The answer is the line containing "Building Photo - 73 S Cypress Ct" plus every line after it to the end of the material, retyped exactly and without the pictures.

***** Dataset extract

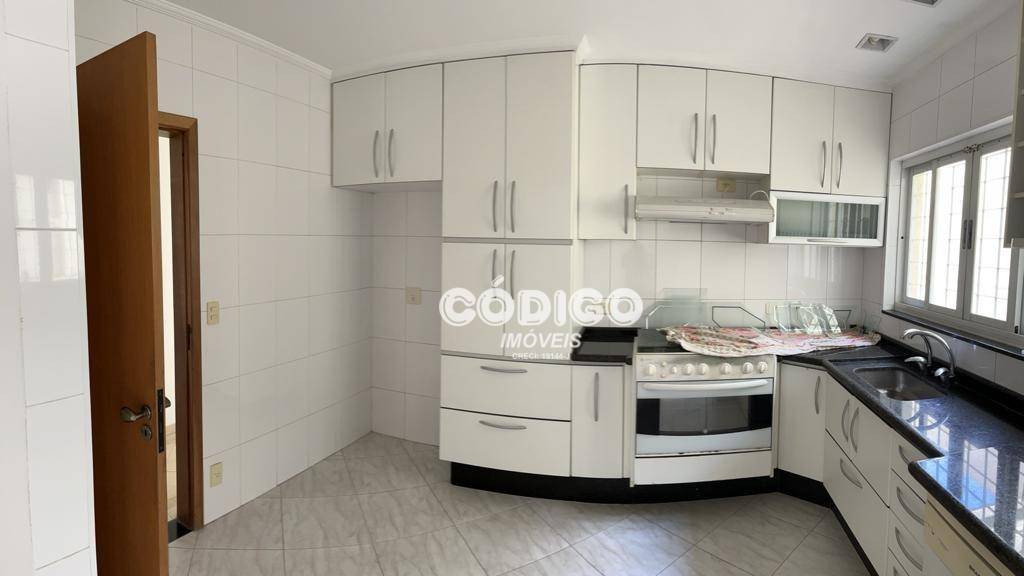 Casa à venda e aluguel com 3 quartos, 235m² - Foto 7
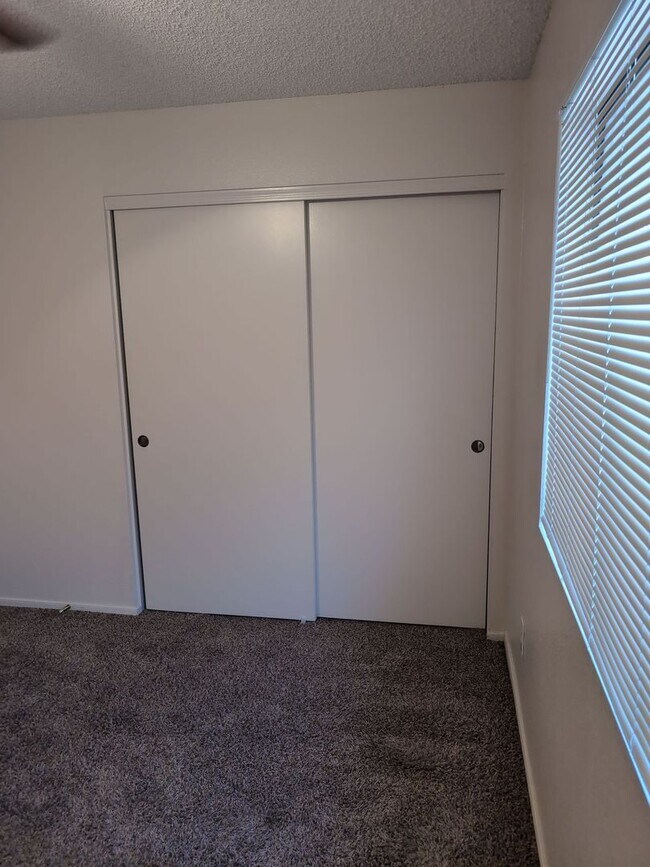 Building Photo - 73 S Cypress Ct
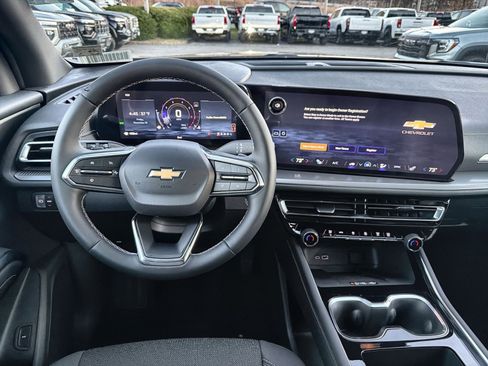 New 2026 Chevrolet Traverse LT w/ Driver Confidence Package image 16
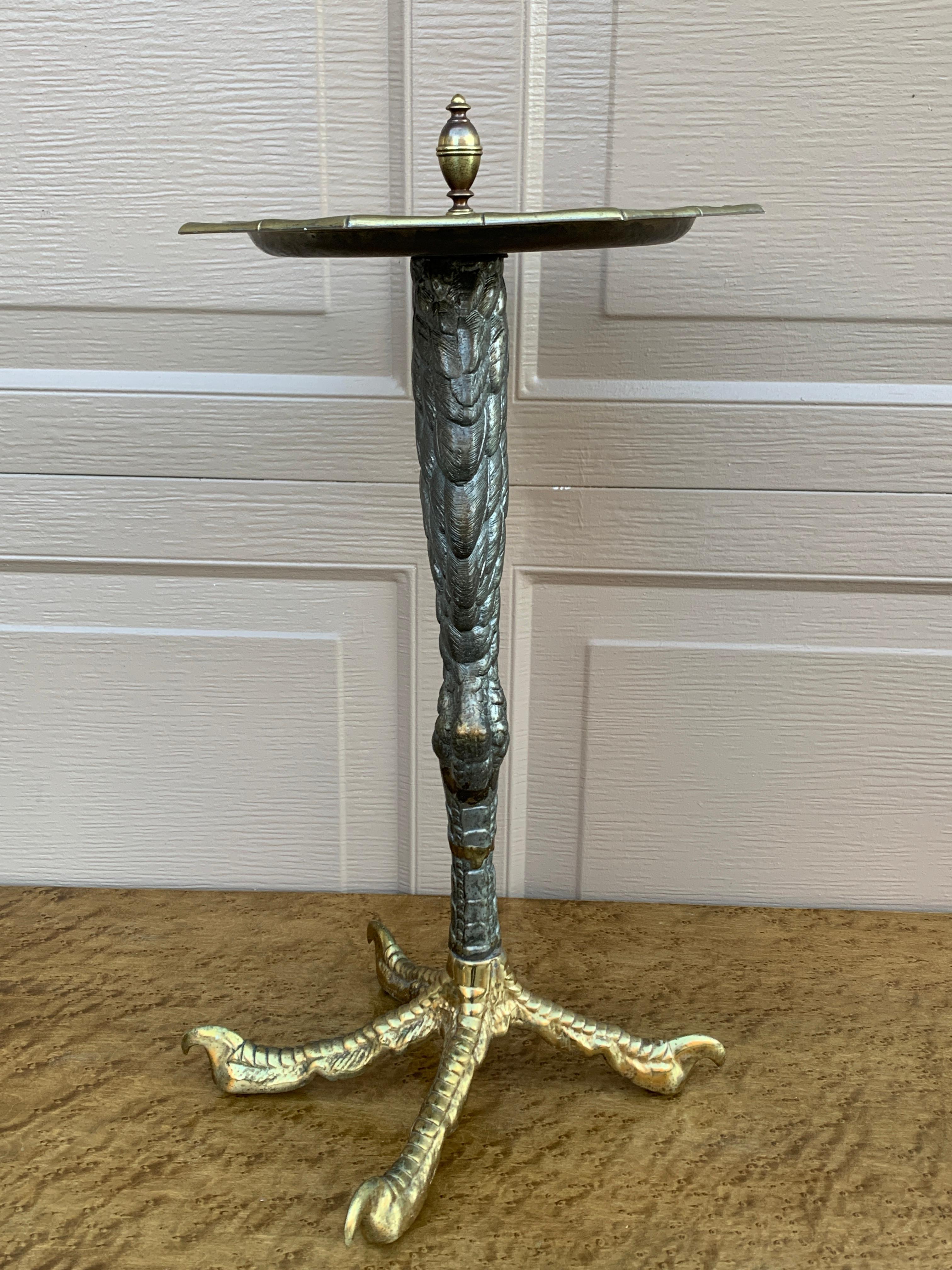 Table d'appoint à pattes d'autruche et talon, finition bronze en vente 2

**********

# Completed task:
 Building Photo - 73 S Cypress Ct
 New 2026 Chevrolet Traverse LT w/ Driver Confidence Package image 16
 Table d'appoint à pattes d'autruche et talon, finition bronze en vente 2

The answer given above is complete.